Well, this has officially gotten ridiculous. Of COURSE the NFL gets the best talent. This is known as graduating to the professional ranks, which is the entire point. Where are the articles lamenting the fact that Google uses U.S. universities as a "farm program" for their corporate objectives, pillaging the best programming talent after the university provides *academic* scholarships to the best and brightest? Or that Ernst and Young cherry picks the choicest accountants, or Wall Street the finest financial program graduates? Because such an article would be preposterous and, yes, un-American. Give. Me. A. Break.

rhappahannock
Washington, DC

I think Brad Rock should also bring up the fact that for a number of years now the University of Utah athletic department has been receiving $5 million/year in taxpayer subsidies. It is time to end this abuse of tax revenue that goes against the interests of the vast majority of the state. It is time for the U to pay out a return on the taxpayers investment - no more subsidies, half the TV money goes to the state's general education fund, and they have to do a home and home with Utah State in football. They've taken the tax money of the poor and widows, now they need to pay John Q. Taxpayer back.

Ben H
Clearfield, UT

PGVikingDad...of course many US firms pluck the best and the brightest from college ranks. That is the idea. Many of these big Wall Street firms do, in fact, support America's college and university system financially. Many students who are not athletes have benefited directly from this type of generosity. Many companies, even in these tough economic times, help their employees further their education. As a graduate of the University of Nebraska system, I have seen the results of these programs first hand. I, myself, earned part of the money for my own Master's Degree from the company where I worked at the time.
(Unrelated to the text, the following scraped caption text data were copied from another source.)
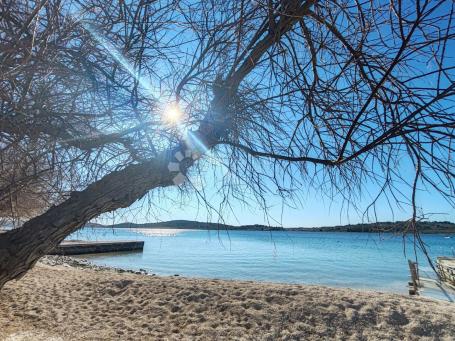 SRIMA - atraktivna  kuća u prvom redu do plaže s predivnim vrtom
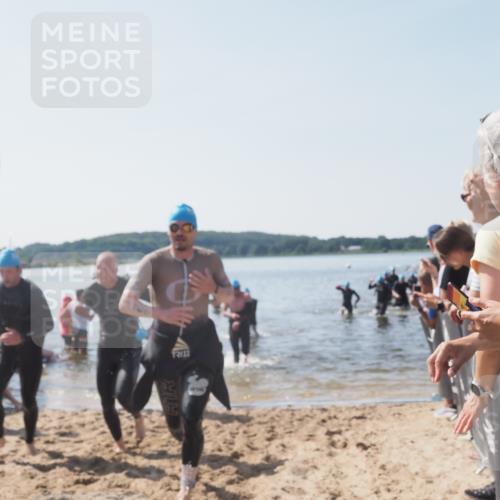 22.06.2025 - Viking Triathlon MichiJ http://msf.ph/oto/8065881 22.06.2025 10:32:15 Schwimmen 53, 147, 173, 193, 207, 214, 226, 271, 461, 464, 488 meine-sportfotos.de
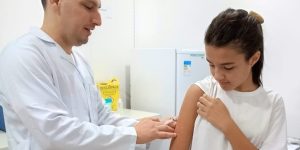 Menina de Guaramirim é a primeira pessoa da região vacinada contra a dengue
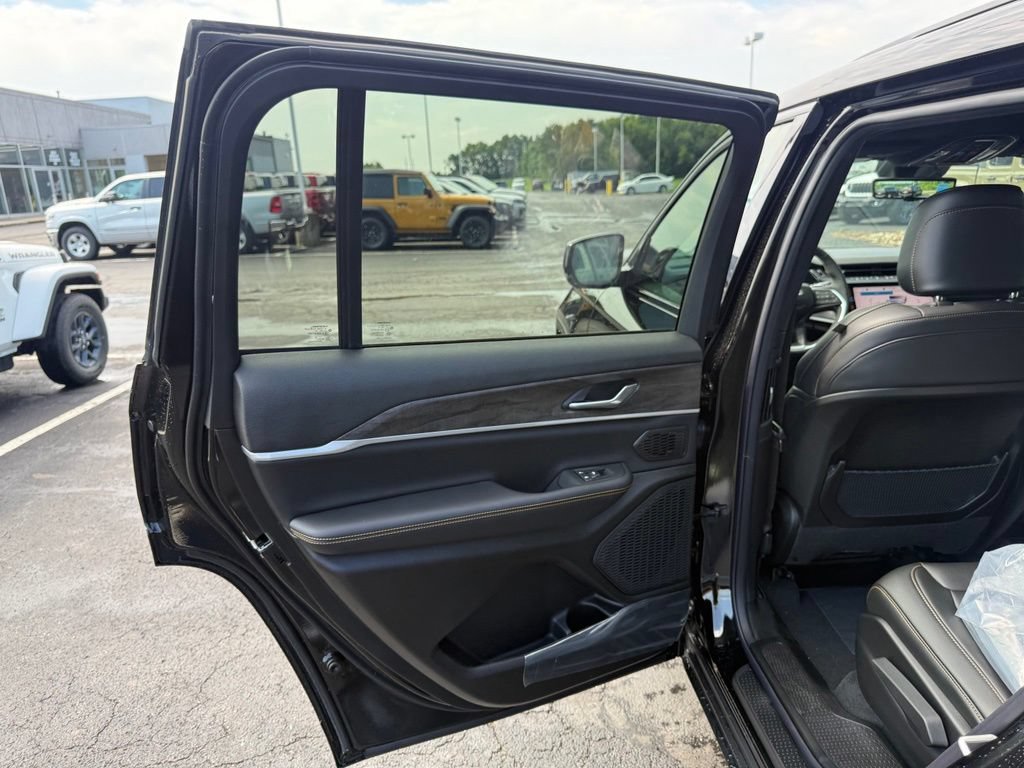 New 2026 Jeep Grand Cherokee L Limited AWD/4WD image 37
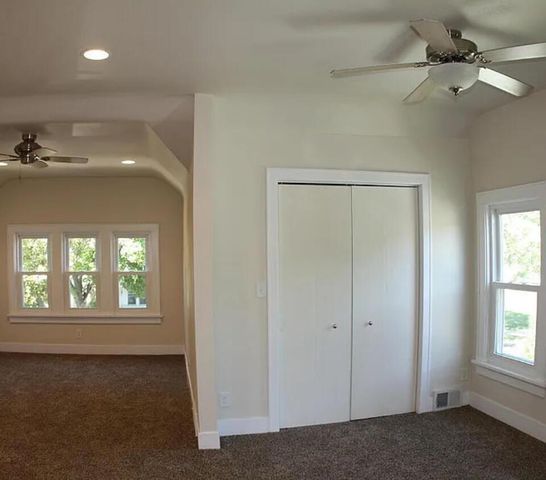 3731 W Dorothy PLACE, Milwaukee, WI 53215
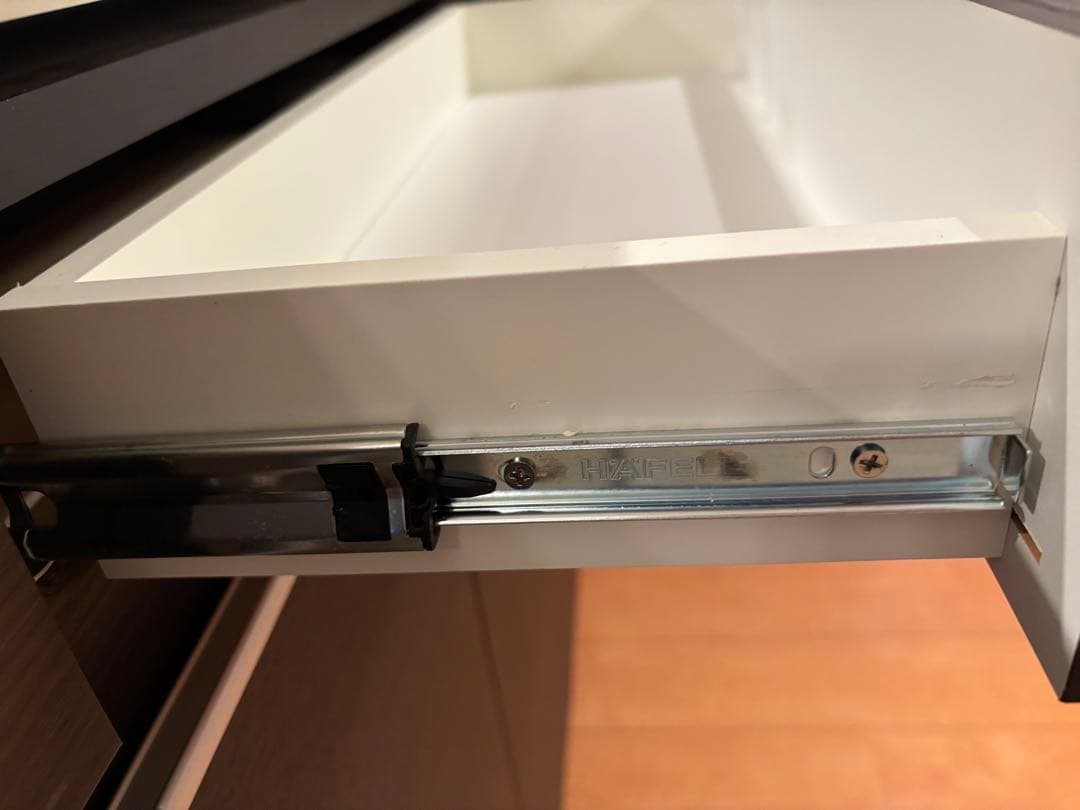 【最終値下げ・送料込・3月末まで】ディノス　キッチンカウンター下収納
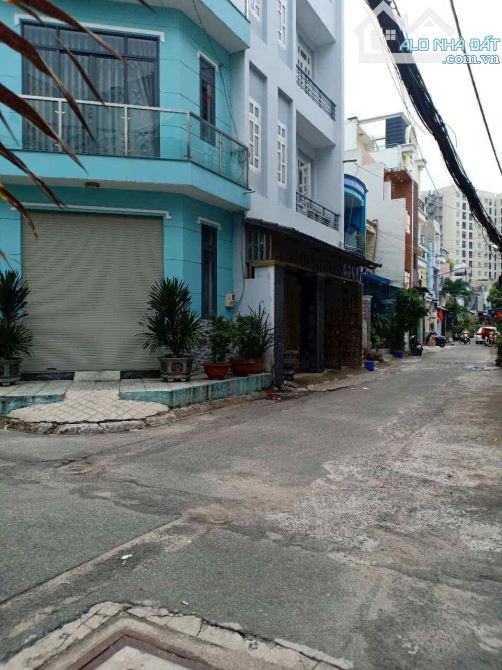Phan Huy Ích 4 lầu đúc BTCT đường nhựa 2 xe hơi né nhau chỉ 12,6 tỷ - 1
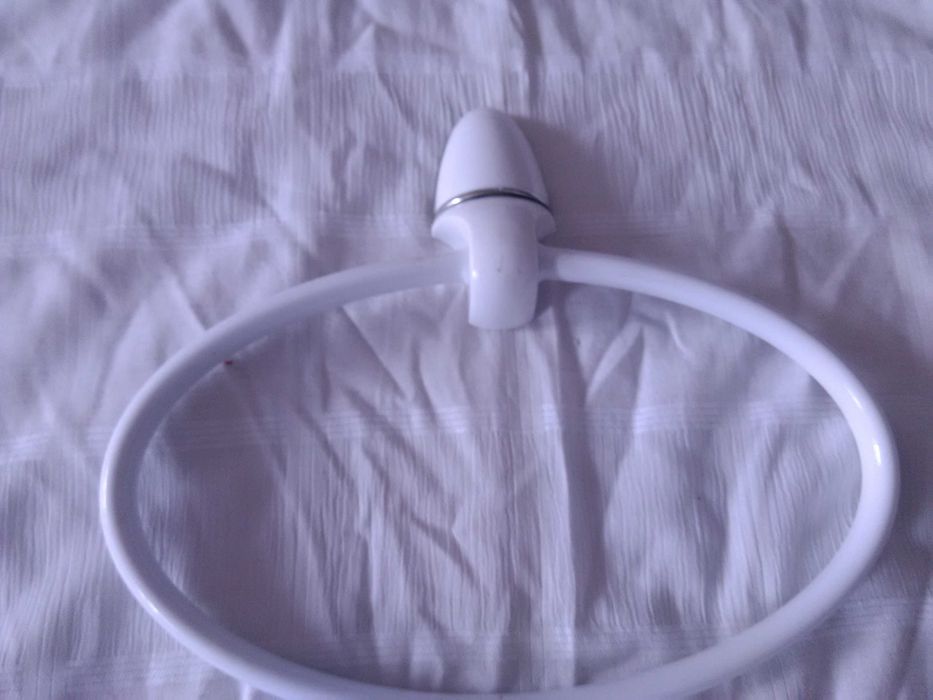 Продам новый отличный держатель полотенец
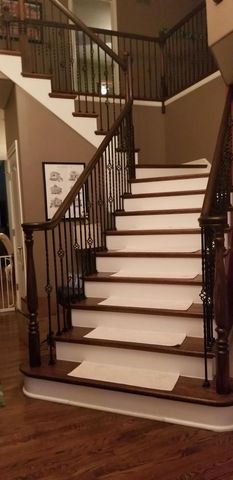 743 Chasewood Drive, South Elgin, IL 60177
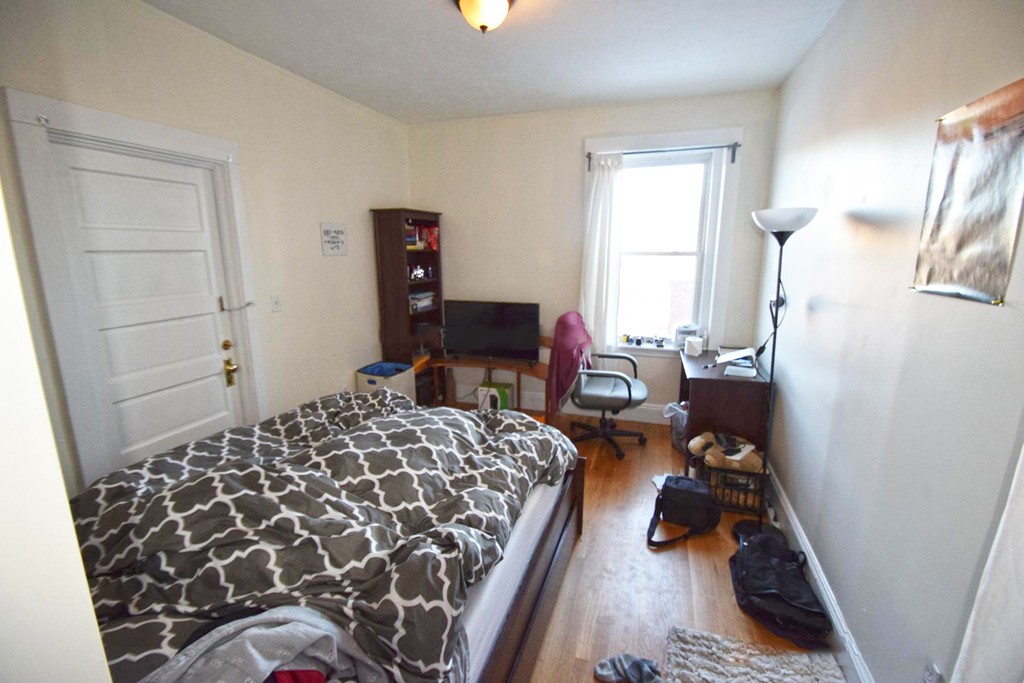 191 Winthrop Rd, Washington Square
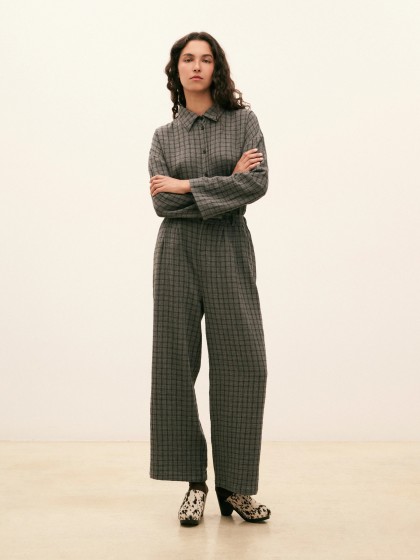 Pantalón cuadros gris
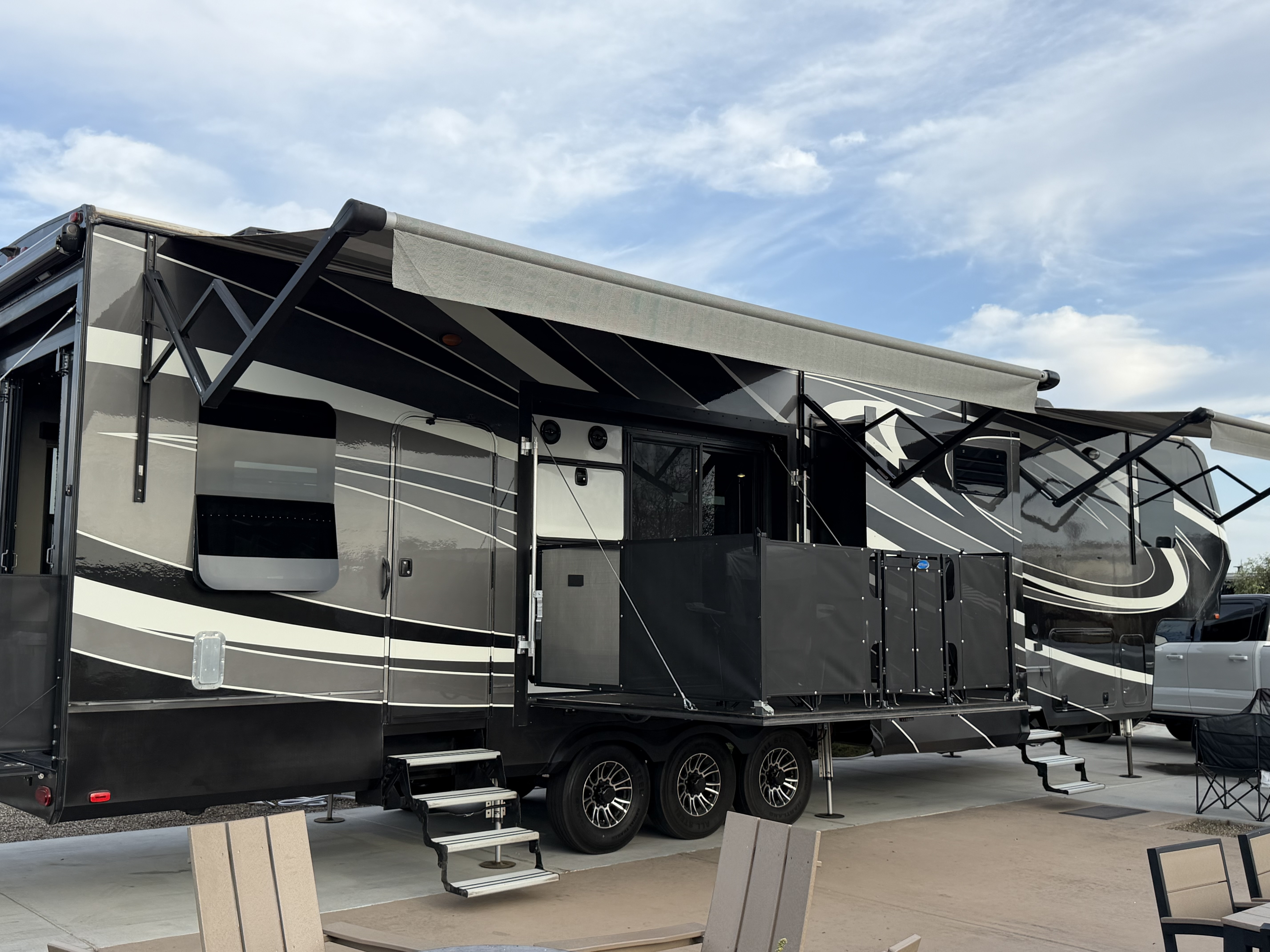 2017 Grand Design MOMENTUM 399TH RV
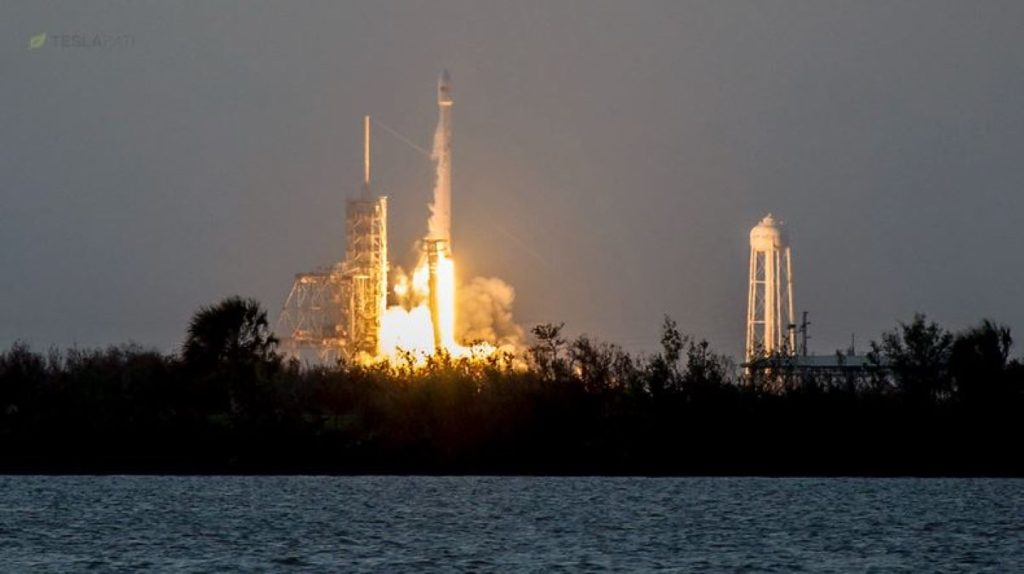 Запуск ракеты SpaceX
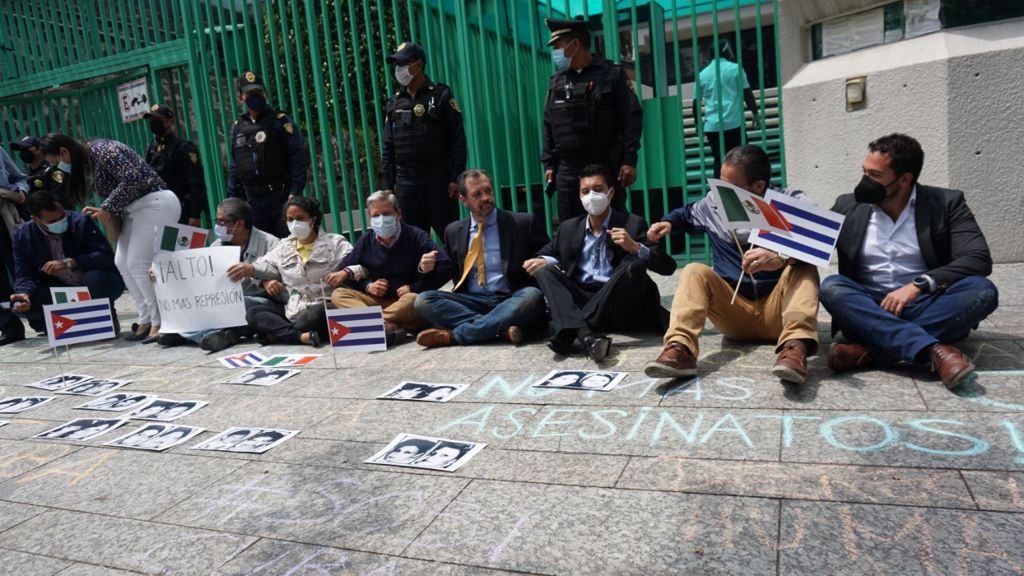 Agreden a titular de la Comisión Mexicana de Derechos Humanos durante protesta en embajada cubana - comision-mexicana-de-derechos-humanos-protesta-embajada-cuba-4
The NFL gets nearly all of it's talent from colleges and universities who sacrifice a great deal to field a football team and the league pays very little for it. That is something that must be corrected.

Observation-ist
Ogden, UT

That entitlement koolaid must taste real good. Too bad it has such a lowsy aftertaste.

Once colleges start accepting NFL money, and adjust their budgets to depend on that money, just like a drug, the NFL has the colleges hooked. Once they can't meet their budget obligations without the NFL money, the NFL will start placing 'conditions' on reciept of the money. Those conditions will increase until the colleges are nothing more than a farm system for the NFL. Not good.

and to Esquire ... saying Obamacare is about 'personal responsibility' because the government forces people to buy government healthcare coverage is akin to saying that paying excessive income taxes to pay for lavish government spending is our 'personal responsibility' to help our neighbor. That liberal koolaid tastes good when you first drink it but in the long run it leaves the nasty aftertaste of dependency and entitlement. Yuck!

Guam_Bomb
BARRIGADA, GU

Observation list, The system being proposed is not nearly as repugnant as the current system that encourages cheating and rule breaking and punishes excellence. USC, Ohio State et al vs. Utah, Boise State and TCU are a prime example of the disunction of the current system. I would love to see the NFL mandate that teams actually compete for a national title instead of having a small group of the wealthiest institutions mandate the rules for getting in.